Abstract

The chapter discusses the words used to describe active participation in love in two Old French romances, Galeran de Bretagne, and Chrétien de Troyes’ Cligès. Focusing particularly on actions involving cloth bodies – cloth that acts as a symbolic body for the female characters of two Old French romances – reveals attitudes towards the private fetishisation of objects by male protagonists and the potential non-participation in acceptable courtly love relationships that results from such behaviour. When directed towards these cloth bodies, words of erotic action become, in themselves, symbols of the problematic type of love involved, undermining as they do, female agency and consent.
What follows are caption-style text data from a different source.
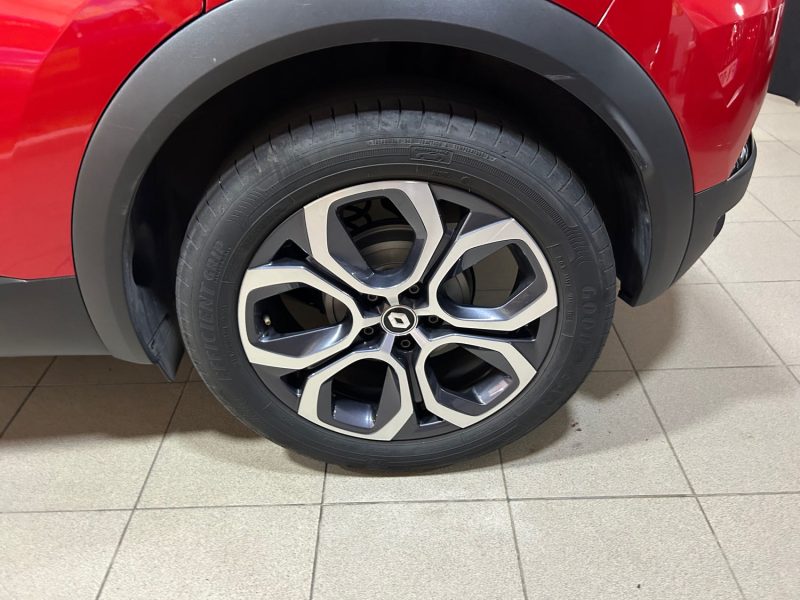 RENAULT CAPTUR 2 1.0 TCE 90 RIVE GAUCHE 04/2024 PRIX HT : 11990 € PRIX TTC : 14388 € 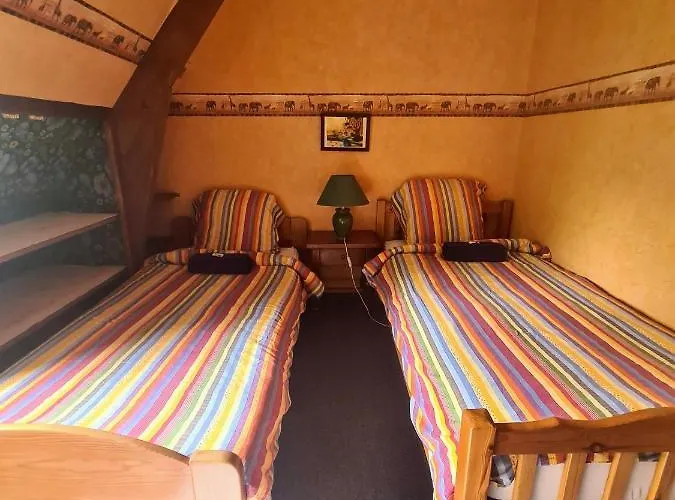 Grand Avec Tennis Et Piscine Vakantiehuis *
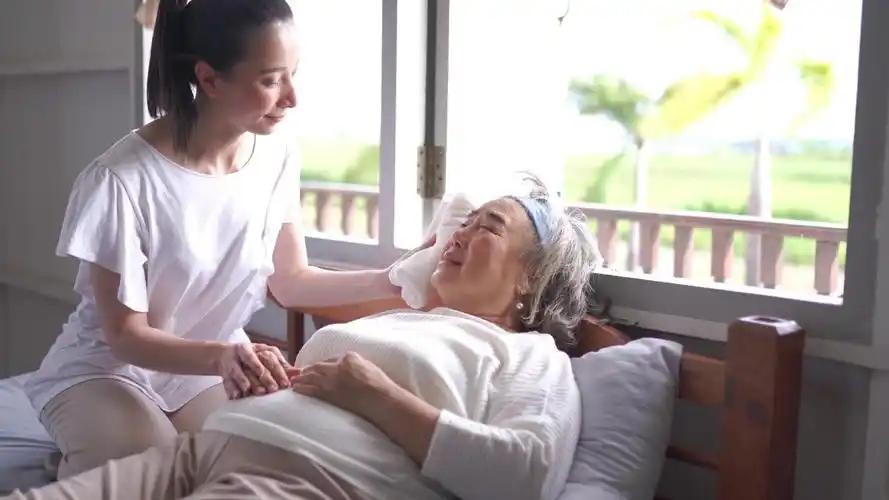 上海，老太太希望自己的晚年生活让女儿来照顾，就很信任地把自己的银行卡和存折都交给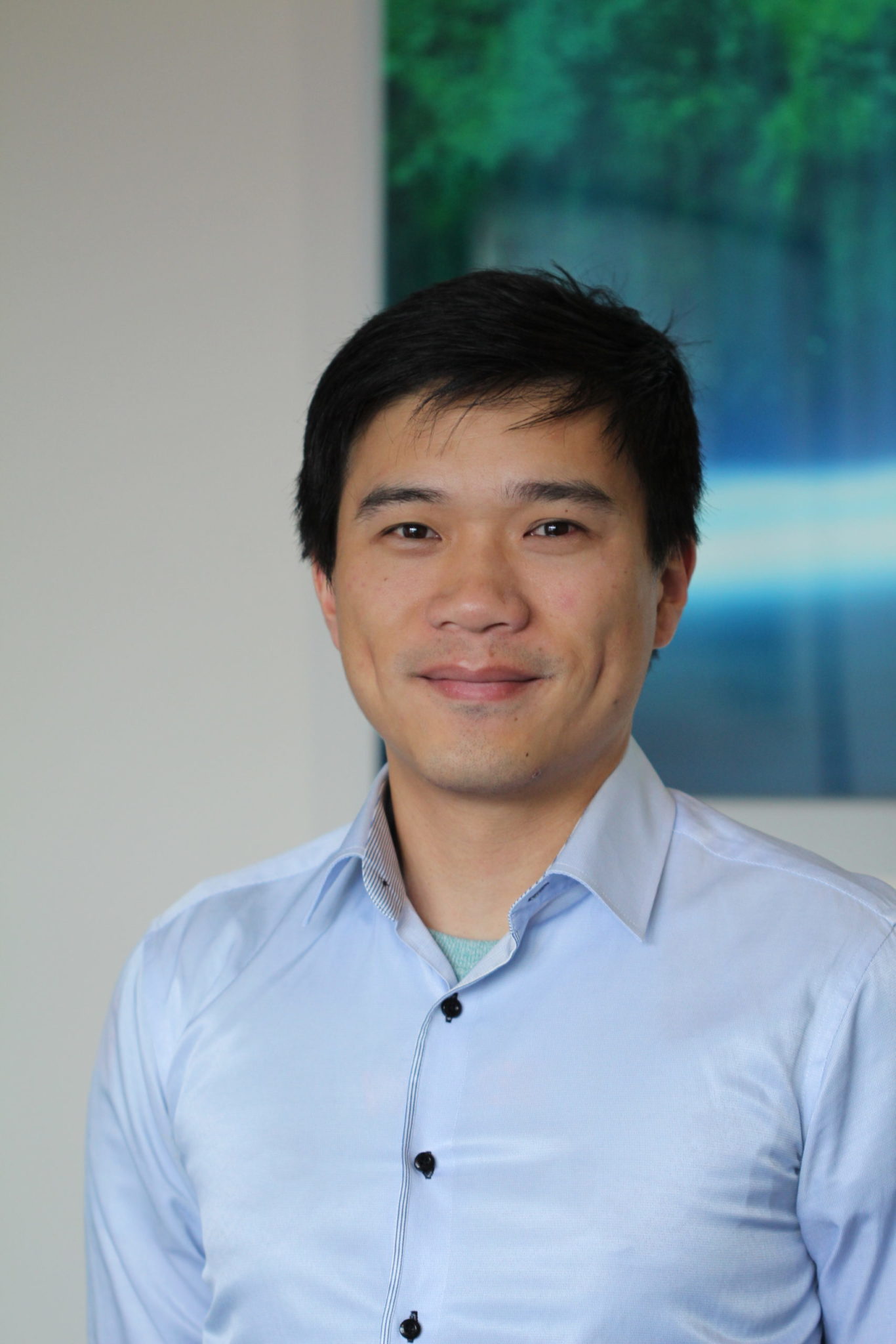 Dr. Yuen Zhu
The authors’ ensuing commentary on such love is readable through comparison with chivalric norms and Christian ideas regarding procreative relationships in this period. In the narratives of these romances, fragmented pieces of the female body that cannot be separated from the whole become the focus of the knight’s desires in a form of non-reciprocal love. Such non-reciprocal, non-consensual actions trouble the boundaries between public and private behaviour and suggest that the treatment of cloth bodies can be read as a form of sodomitic behaviour. As a result, analysing the use of active words of fetishisation in relation to clothbodies shows how this behaviour must be rejected in the course of the narrative to impart and reinforce broader moral messages about appropriate expressions of love.